Em documentos da Ordem de Malta de
finais do séc. XVI, aparecem referências a "altas videiras em
salgueiros e amieiros",
o que indicia a presença de
"caluas" em Oleiros, numa altura muito anterior ao ataque de
filoxera no nosso país. Já no séc. XIX, a Lista de Castas de
Videiras Portuguesas identificadas pelos serviços ampelográficos e
enológicos governamentais identifica esta casta e atribui-a a este
concelho.
O vinho foi perdurando no tempo e
atualmente a sua produção está confinada a alguns (poucos)
produtores tradicionais, a maioria com uma certa idade e que
utilizam técnicas de vinificação muito variadas. Hoje não podemos
falar de Callum mas sim de vários Calluns.

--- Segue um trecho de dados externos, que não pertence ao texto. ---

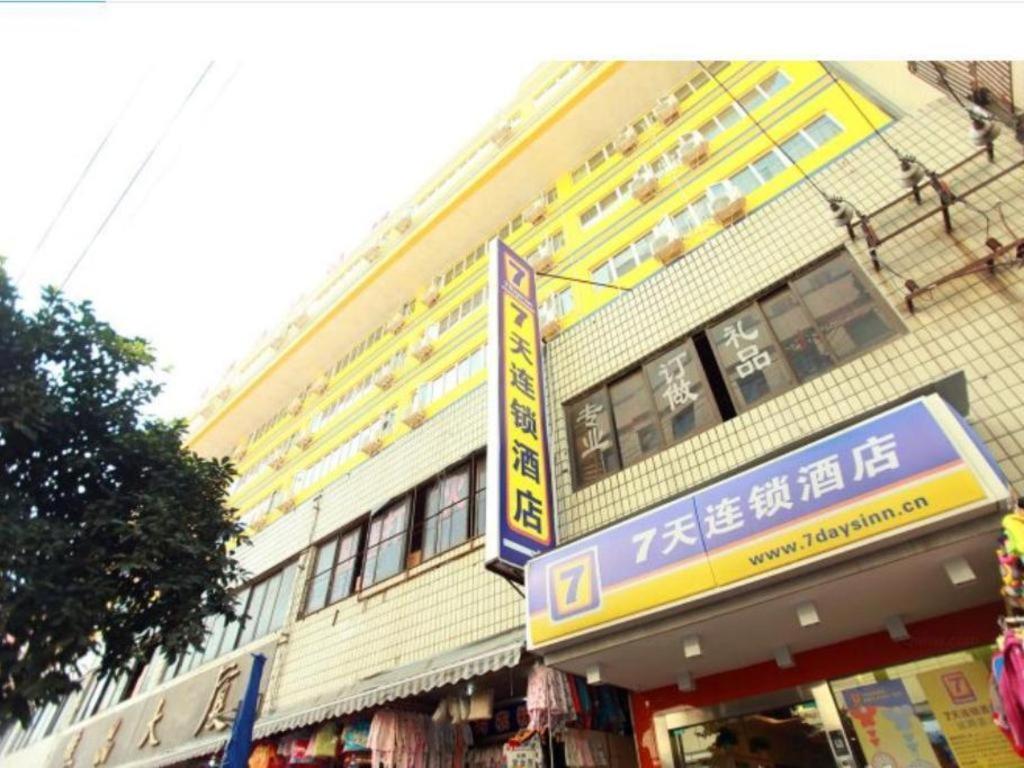 成都7 Days Inn Chengdu North Railway Metro Station的一座黄色的建筑，前面有一块招牌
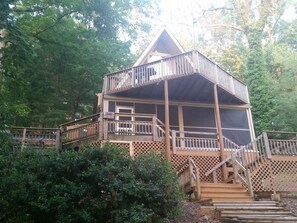 LAKE SIDE OF HOUSE WITH GRILL DECK ABOVE AND SCREENED PORCH AND HOT TUB BELOW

Este secular hábito de consumo
entre as gentes de Oleiros foi resistindo e segundo os
especialistas, a degustação do vinho "é uma emoção" que nos remete
para uma viagem no tempo, até à época medieval, numa altura em que
os vinhos, ao contrário de hoje, não levavam qualquer tipo de
tratamento, pelo que na sua versão original se pode considerar um
vinho biológico.
Face à diversidade de vinhos Callum
existentes no território, urge pensar na definição deste
"emocionante vinho histórico". Há que entendê-lo antes de o
degustar e acima de tudo, defini-lo, para podermos apresentar e
oferecer um produto genuíno, de qualidade uniforme e detentor de
valor acrescentado, uma vez que nos transmite um manancial de
experiências numa só.
Se nos reportarmos às técnicas de
viticultura utilizadas, estas evidenciam marcas de medievalidade,
nomeadamente na forma de condução das "caluas". Pelo território são
frequentes os espaldares de madeira a sustentar as videiras nas
bordaduras das propriedades e já em 1881 o Bispo de Angra referia
que "grande abundância de mosto provinha antigamente das videiras
que circundavam as propriedades em terra baixa e forte, as quais
eram elevadas em toscas grades de paus de castanheiro e varas de
pinheiro, que chamavam "jangadas", produzindo assim muitas uvas,
mas nunca amadureciam perfeitamente". Conclui-se que este é também
considerado um "arcaísmo vitivinícola".
Esta experiência enológica medieval
é ainda atestada pela existência de outros arcaísmos no território,
para além dos já referidos espaldares de madeira ou do sistema de
condução "em enforcado", em que as videiras trepam sobre tutores
vivos junto às linhas de água, nas galerias ripícolas. A presença
de barris de madeira, dos lagares em pedra (xisto) ou da famosa
prensa de Catão (vara e fuso) que ainda hoje persistem em algumas
adegas ancestrais, são considerados vestígios dessa época. Também à
boa maneira medieval, o vinho vermelho ("clarete" ou "palhete")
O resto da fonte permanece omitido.